Banh mi meets croissant as pastry chef creates 'flavour architecture' at Crème Café and Pâtisserie
CBC
This story originally published Aug. 21, 2023.
Martin Nguyen is a trained chocolatier and pastry chef who followed his passion for food across the globe.
Crème Café and Pâtisserie, located at 376 University Park Dr., opened in March, but the inspirations behind it date back to Nguyen's childhood growing up on a tea and coffee plantation near the city of Da Lat in the central Vietnamese highlands, where Arabica beans flourish.
Vietnam is, in fact, the second-largest coffee exporter in the world, "So everybody drinks coffee every day," says Nguyen.
Although his grandfather has sold the family farm, the coffee business lives on in its own way in Regina. "At Crème Café we try to balance between the coffee and the pastry," he says.
Those pastries are a nod to Vietnam's past as a French colony. Crème Café's star pastry, for instance, is the choux or cream puff.
"If you go to Paris or any kind of patisserie store in the world, they have the choux pastry," says Nguyen. "We have the buttery flavour; we have a crunchy exterior. You can be versatile with the fillings. You can do savoury as well. It's open for you to create."
The business is also known for its croissants. Crème Café's most popular lunch item is banh mi with a croissant used in lieu of a baguette.
Asked what he enjoys about pastry making, Nguyen can't pick just one part of the process: "I think it's the whole thing because when you work in the kitchen, especially in pastry and dessert, you have to pay attention to every single detail. Every single step is important – even the temperature, the humidity, the technique. It all has an impact on your product."
Nguyen didn't plan to end up here. Regina was one of many stops on the road to develop his food creativity.
Leaving Da Lat, his first move was to Singapore to learn how to make chocolate.

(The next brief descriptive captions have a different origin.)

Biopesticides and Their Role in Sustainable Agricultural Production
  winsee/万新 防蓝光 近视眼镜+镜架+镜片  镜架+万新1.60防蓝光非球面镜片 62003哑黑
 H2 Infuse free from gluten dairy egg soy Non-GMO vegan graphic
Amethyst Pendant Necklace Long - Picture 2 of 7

He and his sister Nobel operated an artisan chocolate business for five years before Nguyen chose to expand and learn pastry making.
So, he came to Canada on a student visa and studied pastry making in Toronto. He completed a two-year program and worked at a couple of hotels prior to plying his trade at a luxe patisserie.
When the first COVID lockdown forced the shop to close temporarily, Nguyen was on the job hunt, which brought him to Regina. He got a gig at Dandy's Artisan Ice Cream to help the company develop its line of gourmet chocolates.